In the first case of its kind, a group of South Koreans filed a lawsuit against the state on Friday demanding the spirits of their family members currently enshrined at Tokyo's Yasukuni Shrine be separated from other war dead.

The group, 90 former soldiers and civilian workers of the Imperial Japanese Army and 162 bereaved family members, also demanded 2.46 billion yen in compensation in a suit filed with the Tokyo District Court.

Yasukuni Shrine, widely seen as a bastion of wartime government-sponsored Shintoism and a symbol of Japanese militarism, is often the center of controversy. It is a memorial to the estimated 2.4 million Japanese personnel and officials who have died in wars since 1853.

Attorneys for the plaintiffs said it was contradictory to enshrine victims and aggressors together as war heroes, adding they hoped to clarify Japan's wartime responsibility through the suit. Koreans were conscripted en masse by Japan, which had colonized the Korean Peninsula.

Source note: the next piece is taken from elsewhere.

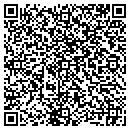 QR code with Ivey Collision Center contacts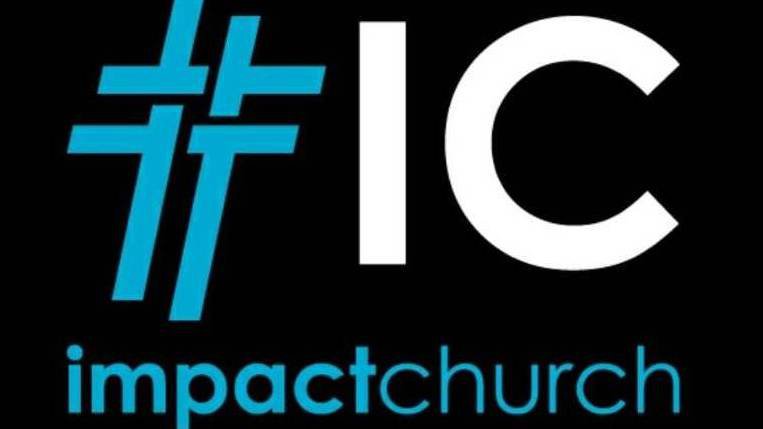 Impact Church 1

The suit maintains the state's decision to enshrine war dead at Yasukuni is unconstitutional because it goes against the separation of the church and state and infringes upon human rights by ignoring the victims' will.

The group also demanded research be conducted into the situations surrounding the deaths of their family members and the return of their remains, since some families never received a death notice.